#### What is needed:
Each line in the material below must be transcribed exactly; no picture belongs in the copy.

#### Exercise materials:
━━━━━━━━━━
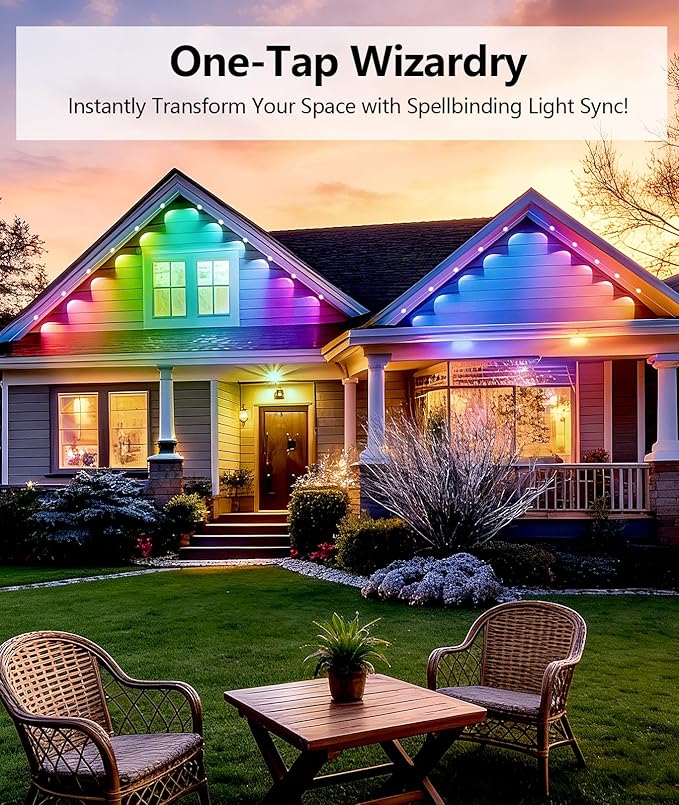 RGB Permanent Outdoor Lights, Smart APP & Remote Control, IP67 Waterproof, for Eaves, Patio, Yard, Party, Villa, 16 Million Colors & Scene Modes
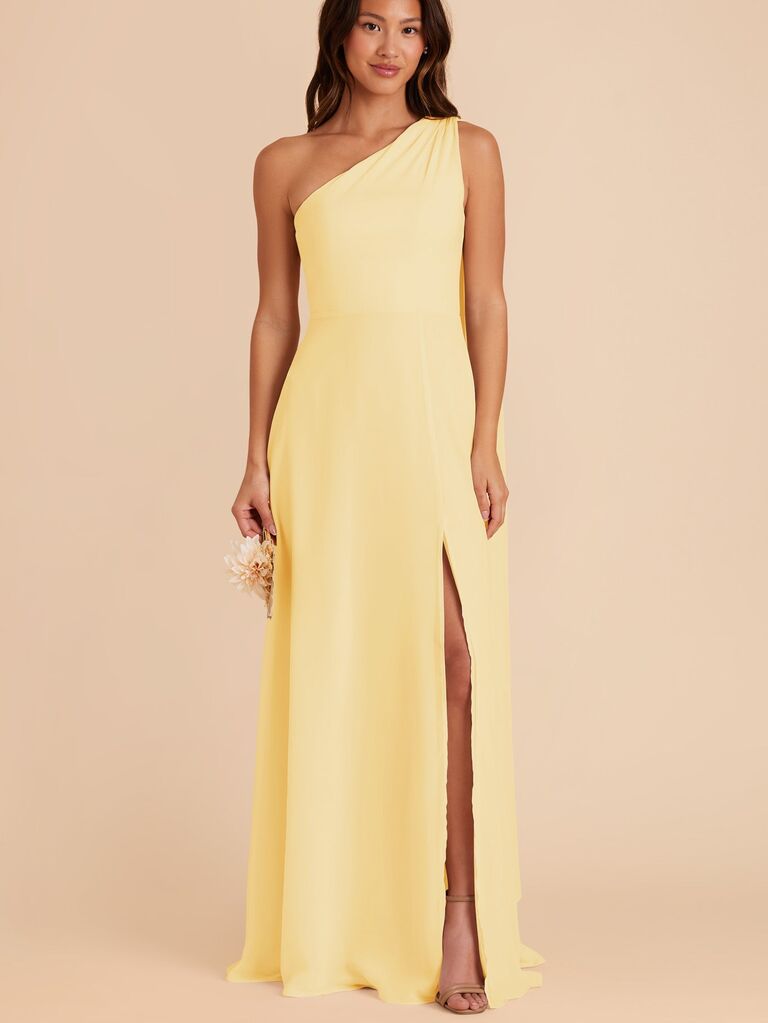 Birdy Grey yellow one-shoulder beach wedding guest dress for mother-of-the-bride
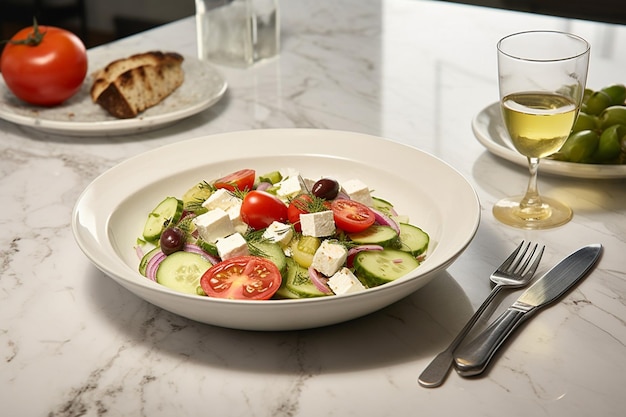 Griechischer Salat, der auf einem Bett aus gemischtem Grün serviert wird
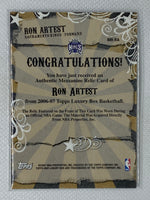 2006-07 Topps Luxury Box Mezzanine Relics #RA Ron Artest Jersey /349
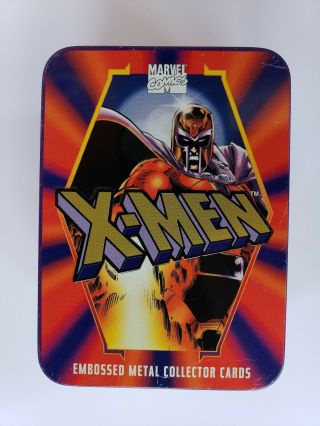 1996 X - Men - 5 Embossed Metal Cards In Collectors Tin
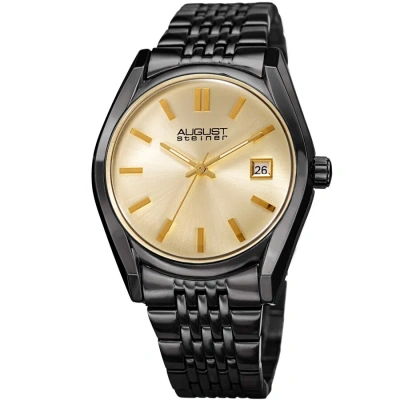 August Steiner Quartz Gold Dial Black-plated Ladies Watch As8235bk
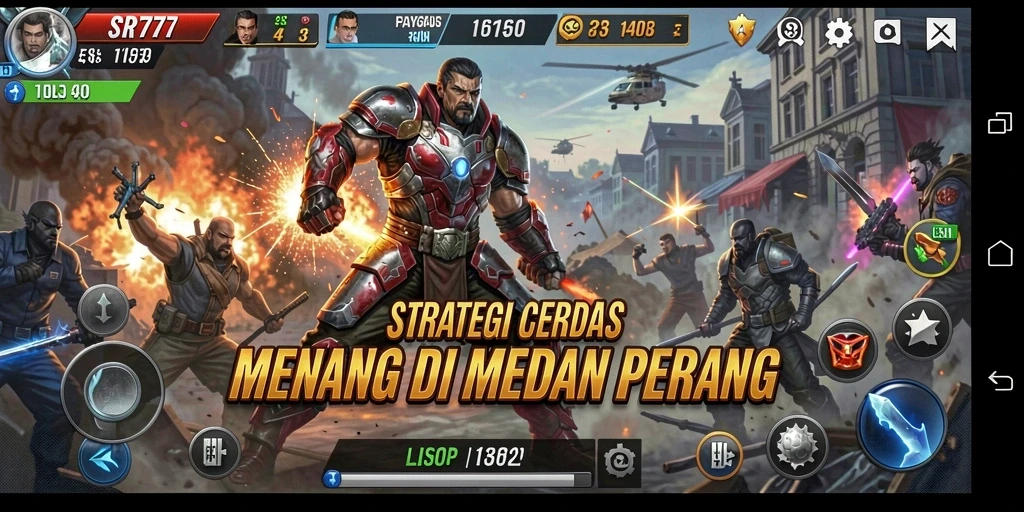 Screenshot gameplay SR777 memperlihatkan pertempuran strategi yang seru.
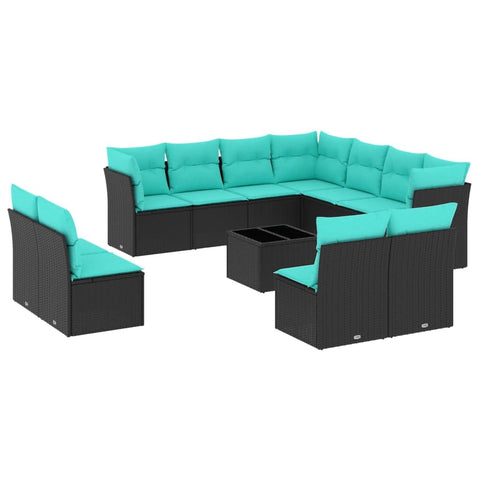 vidaXL Patio Sofa Set with Cushions 12 Piece, Sectional Sofa with Glass Table, Outdoor Conversation Set, Modern Style, Black Poly Rattan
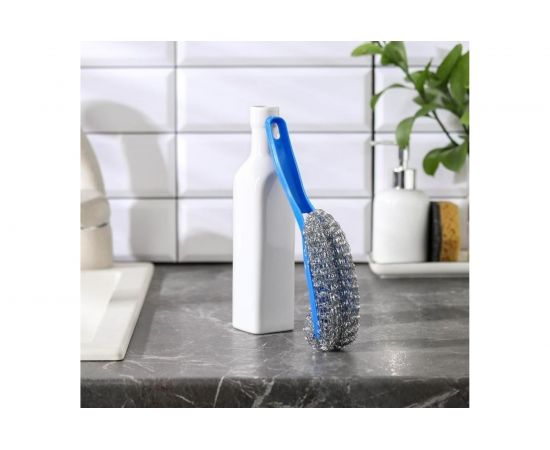 Металлическая губка для посуды Доляна с ручкой, 24х5 см 1406047 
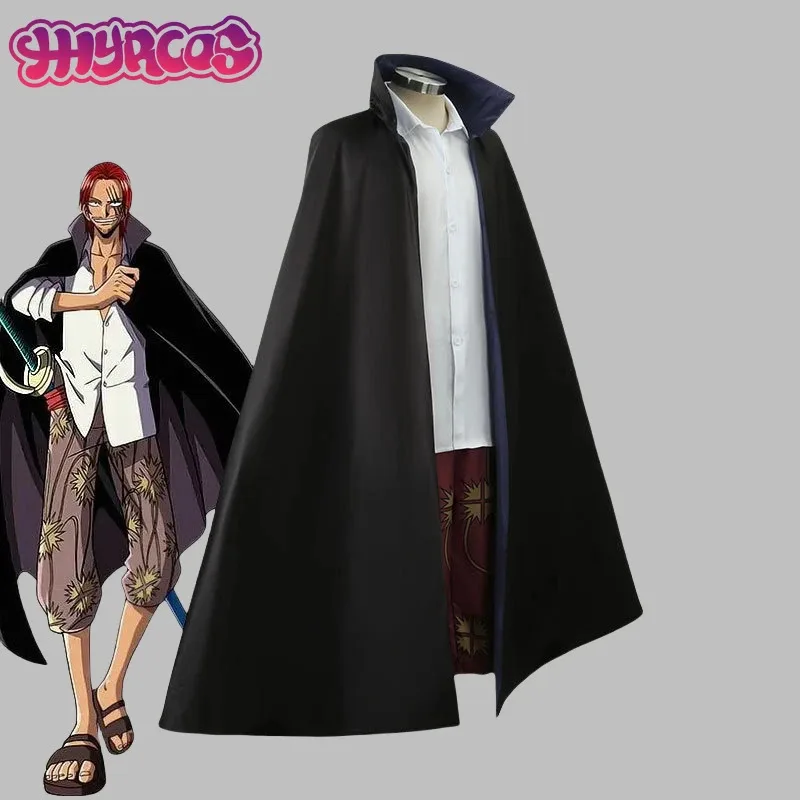 

a7d@Film Red Shanks Cosplay Costumes Anime Adults Men Cloak Hair Pirates Wig Free Gift Full Outfit Halloween Costumea7d@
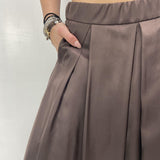 Gonna in raso con pieghe SK1027 MORO OFELIA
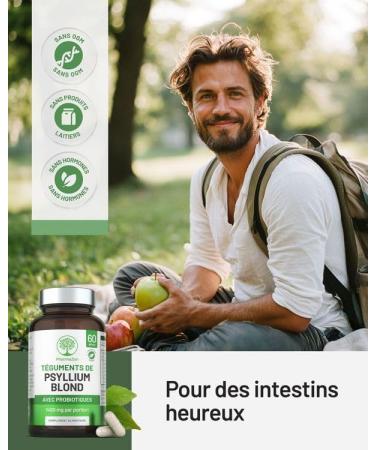 Psyllium Blond with Probiotics 1400 mg - 99% Pure Integuments - 60 Capsules - Transit Digestion Intestinal Function - Dietary Fiber with Psyllium Husk & Probiotic Complex 6 Billion CFU - Buy Online on GoSupps.com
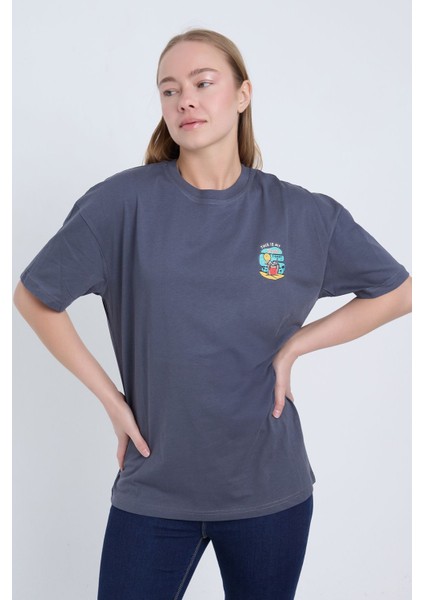 Kadın Oversize Antrasit Summer T-Shirt modelleri
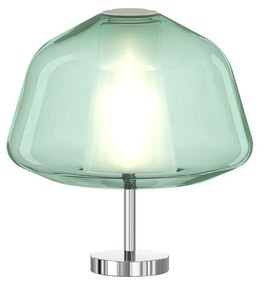 Lampada Conteporanea Double Skin Alpha Metallo Cromo Vetro Verde 1 Luce E27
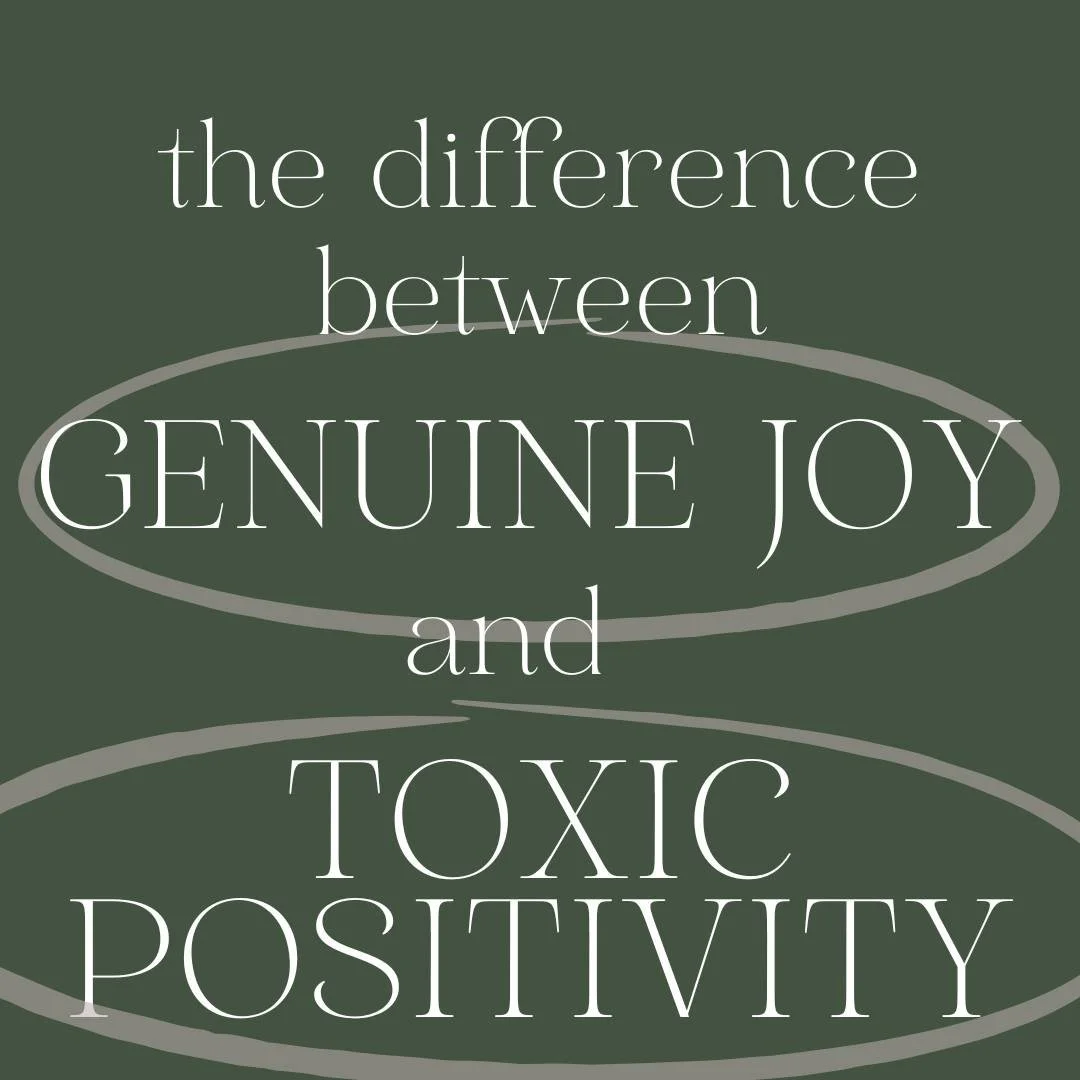 Genuine Joy helps us step into more fulfillment and a feeling of aliveness. 
Toxic Positivity prevents us from living life fully as we force ourselves to always stay on the optimistic side without realistically acknowledging the whole spectrum of emo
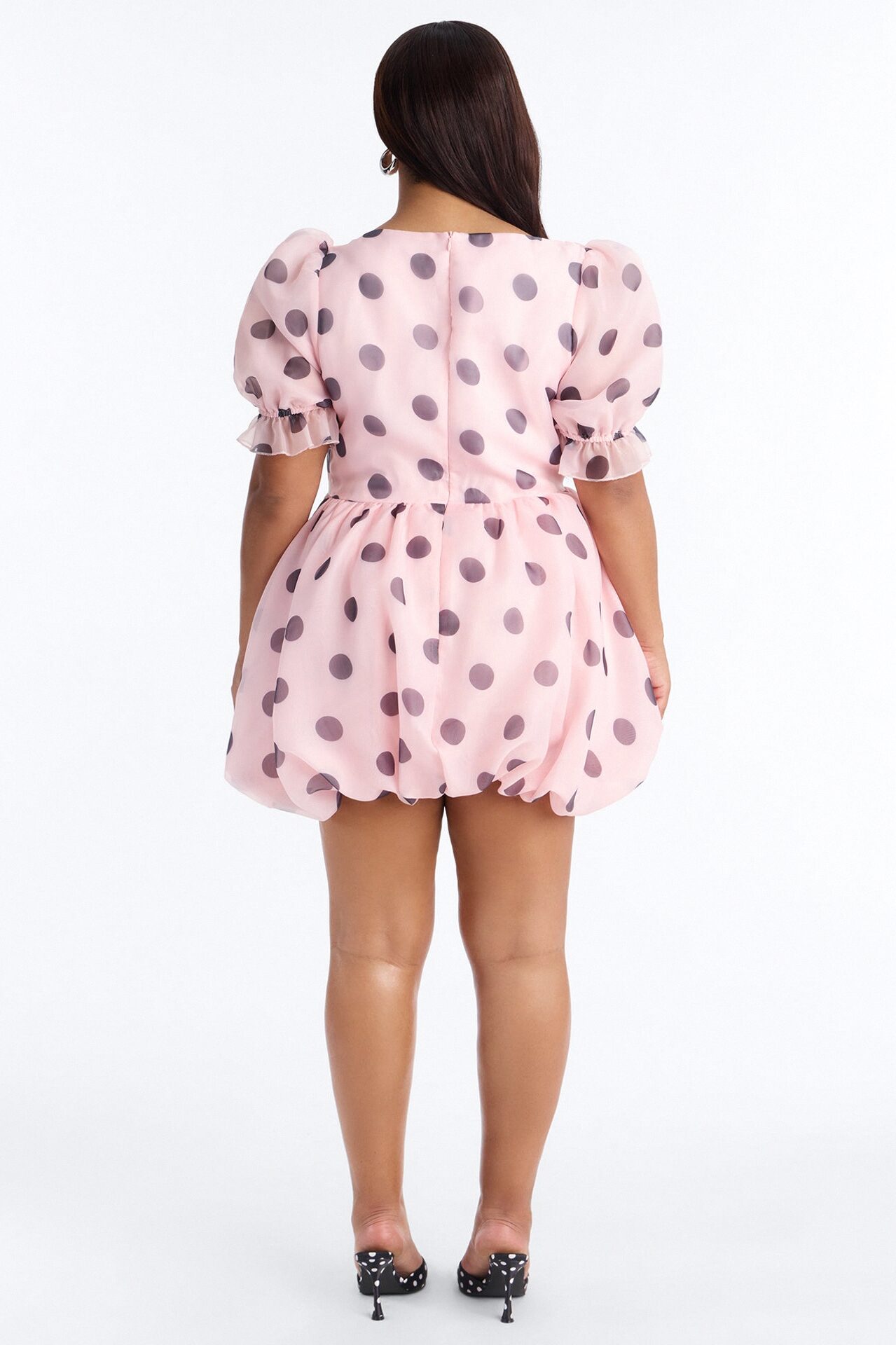 Pretty In Polka Dot Puff Sleeve Mini Dress - Pink/combo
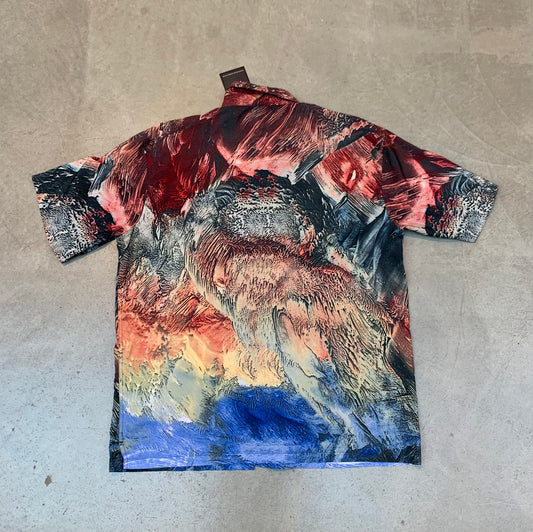Abstract Print Button Up Shirt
━━━━━━━━━━
#### Exercise solution:
 RGB Permanent Outdoor Lights, Smart APP & Remote Control, IP67 Waterproof, for Eaves, Patio, Yard, Party, Villa, 16 Million Colors & Scene Modes
 Birdy Grey yellow one-shoulder beach wedding guest dress for mother-of-the-bride
 Griechischer Salat, der auf einem Bett aus gemischtem Grün serviert wird
 2006-07 Topps Luxury Box Mezzanine Relics #RA Ron Artest Jersey /349
 1996 X - Men - 5 Embossed Metal Cards In Collectors Tin
 August Steiner Quartz Gold Dial Black-plated Ladies Watch As8235bk
 Screenshot gameplay SR777 memperlihatkan pertempuran strategi yang seru.
 vidaXL Patio Sofa Set with Cushions 12 Piece, Sectional Sofa with Glass Table, Outdoor Conversation Set, Modern Style, Black Poly Rattan
 Металлическая губка для посуды Доляна с ручкой, 24х5 см 1406047 

a7d@Film Red Shanks Cosplay Costumes Anime Adults Men Cloak Hair Pirates Wig Free Gift Full Outfit Halloween Costumea7d@
 Gonna in raso con pieghe SK1027 MORO OFELIA
 Psyllium Blond with Probiotics 1400 mg - 99% Pure Integuments - 60 Capsules - Transit Digestion Intestinal Function - Dietary Fiber with Psyllium Husk & Probiotic Complex 6 Billion CFU - Buy Online on GoSupps.com
 Kadın Oversize Antrasit Summer T-Shirt modelleri
 Lampada Conteporanea Double Skin Alpha Metallo Cromo Vetro Verde 1 Luce E27
 Genuine Joy helps us step into more fulfillment and a feeling of aliveness. 
Toxic Positivity prevents us from living life fully as we force ourselves to always stay on the optimistic side without realistically acknowledging the whole spectrum of emo
 Pretty In Polka Dot Puff Sleeve Mini Dress - Pink/combo
Abstract Print Button Up Shirt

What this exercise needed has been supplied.